I was skeptical of going to this session simply due to my dislike of the word “hack” being attached to just about everything nowadays.  I’m glad I went.  If you’ve ever worked with me you probably know I can be weird sometimes.  I’ll tend to brush against the cultural norms simply to disrupt the system and make the system aware of it’s patterns.  Stated another way, organizations, when viewed as living systems, will fix themselves once they become self-aware.  To simplify it a bit more, I am a control freak but I never thought I was a control freak until I went to AYE and discovered that I’m a control freak.  Now that I’m self-aware, I can manage my emotions better and ‘let go’ more frequently.

There are 4 elements to culture hacking that I will elaborate on in future posts, here a quick overview:

Cracks: Where is there a crack in the system you want to expose?  For example, during an open space “the law of two feet” is rarely applied.  That’s a ‘crack’ the hacker wants to fill.

The Hack: What’s the hack you want to do in order to ‘fill in the crack’.  Using the open space example, a group of people would move to different open space talks every 5 minutes to make the whole open space group aware.

Safety:  I don’t know the exact name for this but there is a green, blue and red zone.  A “red zone” hack is likely to get you fired.  A “green zone” hack is a safe hack and a “blue zone” hack is somewhere in the middle.

The Wall: What impediment stands between you and your hack?

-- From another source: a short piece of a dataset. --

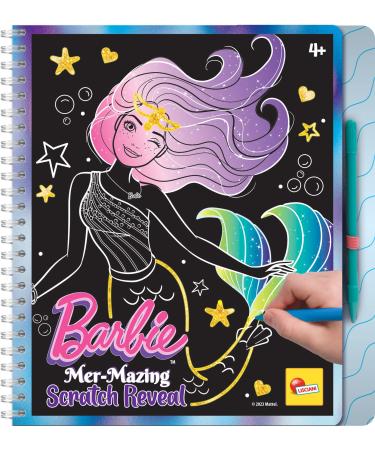 Lisciani - Barbie - Scratch Mermaid Skizzenbuch - Magical Book for Coloring and Decorating - Creative Play - Multi -Colored Pages - For Girls from 4 years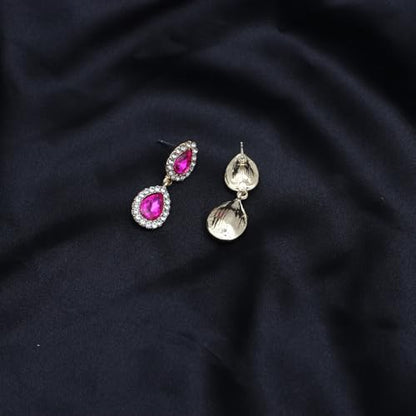 Austrian Crystal Rhinestone Necklace Dangle Earrings Link Bracelet Jewelry Set for Brides Bridesmaid Prom Costume Accessories for Women - color: Rose Red-Gold Plated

My Take: Turns out most of what I’ve done in my career can be considered ‘culture hacking’ and the concept of culture hacking isn’t new.  An example of ‘culture hacking’ is the time I posted a visible feedback board for people who had recently been co-located and were not happy about it.  Making anonymous and brutal feedback was an act directly against the grain of the organization’s culture. I know that because I got in trouble for doing it.  I step outside cultural norms often and there’s always been a reason for it.  Now you know, so get ready for more.  Culture Hacking FTW!

More Info:

Stefan Haas on twitter | Stefan Haas’ Website | Biz Culture Hackers website

Overall Impressions

I loved LESS 2012 and I would like to go again next year if it’s in the cards.  The difference for me was the advanced topics of complexity theory, organizations as living systems and the STOOS conversations.  Agile 20XX conferences are massive and do provide value but I feel the topics are ‘safe’ picks and not really on the cutting edge of what’s going on in the world of Lean and Agile.  I feel that LESS 2012 gave me insights I’m excited about as well as a whole bunch more stuff to learn about.